Le fait que le film débute à Detroit, ville sinistrée par excellence et située à l'autre bout des États-Unis, n'est bien sûr pas un hasard, les deux villes sont aux antipodes et leur comparaison permet sans trop de sérieux à Martin Brest de souligner le goufre économique et social qui les sépare. En passant de l'une à l'autre, Axel Foley se fait le référent du spectateur de l'époque et le témoin du déséquilibre de l'Amérique reaganienne.
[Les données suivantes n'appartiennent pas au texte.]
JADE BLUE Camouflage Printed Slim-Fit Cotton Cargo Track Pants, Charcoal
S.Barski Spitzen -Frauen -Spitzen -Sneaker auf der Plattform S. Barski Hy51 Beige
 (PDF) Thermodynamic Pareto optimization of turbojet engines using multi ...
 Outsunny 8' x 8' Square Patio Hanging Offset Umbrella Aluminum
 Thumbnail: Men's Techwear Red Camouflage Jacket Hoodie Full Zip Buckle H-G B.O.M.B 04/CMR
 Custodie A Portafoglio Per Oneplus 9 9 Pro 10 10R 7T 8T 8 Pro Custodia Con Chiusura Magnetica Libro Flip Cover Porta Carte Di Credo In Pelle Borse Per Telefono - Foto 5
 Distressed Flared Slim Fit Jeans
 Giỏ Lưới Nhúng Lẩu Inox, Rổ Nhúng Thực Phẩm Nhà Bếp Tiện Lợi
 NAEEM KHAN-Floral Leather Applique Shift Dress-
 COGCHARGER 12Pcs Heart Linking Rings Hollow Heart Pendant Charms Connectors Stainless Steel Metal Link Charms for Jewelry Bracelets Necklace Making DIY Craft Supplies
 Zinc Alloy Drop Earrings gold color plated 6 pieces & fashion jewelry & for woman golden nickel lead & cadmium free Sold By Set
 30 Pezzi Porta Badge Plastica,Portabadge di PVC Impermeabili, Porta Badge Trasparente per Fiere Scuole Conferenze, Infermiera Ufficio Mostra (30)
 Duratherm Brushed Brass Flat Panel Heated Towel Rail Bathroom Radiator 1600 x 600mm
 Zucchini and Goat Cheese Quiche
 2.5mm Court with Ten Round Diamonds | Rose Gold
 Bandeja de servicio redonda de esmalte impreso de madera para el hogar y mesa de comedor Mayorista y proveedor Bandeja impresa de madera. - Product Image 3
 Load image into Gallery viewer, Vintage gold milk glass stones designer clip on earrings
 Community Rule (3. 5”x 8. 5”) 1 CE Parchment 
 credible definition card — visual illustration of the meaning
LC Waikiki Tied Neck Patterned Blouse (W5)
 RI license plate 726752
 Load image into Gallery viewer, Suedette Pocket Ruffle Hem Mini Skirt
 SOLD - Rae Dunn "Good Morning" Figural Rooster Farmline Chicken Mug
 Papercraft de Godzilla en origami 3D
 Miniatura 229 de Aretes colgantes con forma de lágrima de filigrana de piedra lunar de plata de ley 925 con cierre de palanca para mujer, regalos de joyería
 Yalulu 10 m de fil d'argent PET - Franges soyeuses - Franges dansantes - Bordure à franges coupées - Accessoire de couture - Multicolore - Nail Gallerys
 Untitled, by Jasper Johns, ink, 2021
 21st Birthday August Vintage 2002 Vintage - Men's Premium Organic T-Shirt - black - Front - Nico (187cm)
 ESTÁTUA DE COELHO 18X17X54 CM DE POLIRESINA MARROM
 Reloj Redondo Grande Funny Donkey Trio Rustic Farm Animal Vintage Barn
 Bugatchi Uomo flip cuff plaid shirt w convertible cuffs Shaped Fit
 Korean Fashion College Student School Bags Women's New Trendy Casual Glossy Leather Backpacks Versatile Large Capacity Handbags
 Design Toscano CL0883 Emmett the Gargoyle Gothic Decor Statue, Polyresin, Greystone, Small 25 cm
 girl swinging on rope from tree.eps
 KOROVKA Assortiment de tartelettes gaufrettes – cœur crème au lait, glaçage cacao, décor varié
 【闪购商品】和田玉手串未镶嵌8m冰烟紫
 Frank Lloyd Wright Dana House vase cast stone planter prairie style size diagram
Cela donne lieu à pas mal de scènes et de dialogues savoureux lors desquels Foley s'étonne souvent du mode de vie luxueux des privilégiés californiens et les tournent souvent en dérision. Entre les flics serviles, les commerçants de luxe et les valets obséquieux, tout n'est pourtant pas superficiel à Beverly Hills et Foley se verra finalement appuyé dans sa croisade vengeresse par les mêmes policiers chargés de le garder à l'oeil.


Dès le lancement du film, les scènes mémorables défilent : de la course-poursuite d'ouverture à la fusillade finale, en passant par le meurtre de Mickey, l'arrivée à Beverly Hills, l'expulsion musclée d'Axel par la vitrine, le coup de la banane dans le pot d’échappement, la scène des douanes et celle du strip club. Très peu d'action dans tout ça mais une enquête accrocheuse, soutenue par une BO riche en morceaux mémorables (The Heat is on
de Glenn Frey) et dont on retiendra bien évidemment ce thème mythique au synthé, composé par Harold Faltermeyer, le Hans Zimmer de l'époque (Zimmer fut d'ailleurs un de ses assistants).


Loin d'accaparer l'écran à lui seul, Eddie Murphy s'entourait d'une distribution de qualité. Outre le jeune Judge Reinhold et le bougon John Ashton, tous deux excellents dans le duo mal assorti qu'ils forment à l'écran, on soulignera bien sûr les prestations de Ronny Cox, dans un rôle à l'opposé des méchants qu'il incarnerait pour Paul Verhoeven, de Jonathan Banks, futur Mike de Breaking Bad et Better Call Saul, ici parfait en homme de main ombrageux, et du mésestimé Steven Berkoff, dans son rôle de richissime homme d'affaires cachant ses activités de trafiquant. Les quelques subtilités de jeu qu'il confère à son personnage (voir la scène où il considère Foley lorsque ce dernier est détenu dans l'entrepôt par ses hommes de main) suffit à épaissir un rôle de méchant au demeurant archétypal. Sont aussi de la partie Paul Reiser, un an avant Aliens et remarquable dans son rôle d'empoté, l’injustement oubliée Lisa Eilbacher en amie d’enfance (pas de romance interraciale ici), l'inoubliable Gilbert R. Hill en chef d'Axel (et par ailleurs véritable policier), Joe Russo en pote à venger, l'honorable Stephen Elliott, ancienne guest de Columbo, Bronson Pinchot en caricature de galeriste, ainsi que le jeune Damon Wayans dans une fugace apparition en groom efféminé. Les cinéphiles les plus curieux remarqueront enfin que le film emploie aussi trois futurs acteurs du Total Recall de Verhoeven (Ronny Cox, Michael Champion et Michael Gregory).


Figurant parmi ces classiques indémodables des années 80, au même titre que L’Arme fatale et Die Hard, Le Flic de Beverly Hills se revoit toujours avec plaisir et beaucoup de nostalgie. Il compte d'ailleurs parmi les films de mon enfance, parmi ceux que j'ai le plus revus, avec le second opus, plus énergique mais un peu moins réussi. Le troisième opus n’existe pas (une légende dit le contraire) et le quatrième sorti l’an dernier fait office d’arlésienne sympathique mais dispensable. Comme souvent dans ces franchises des 80’s, le premier reste le meilleur.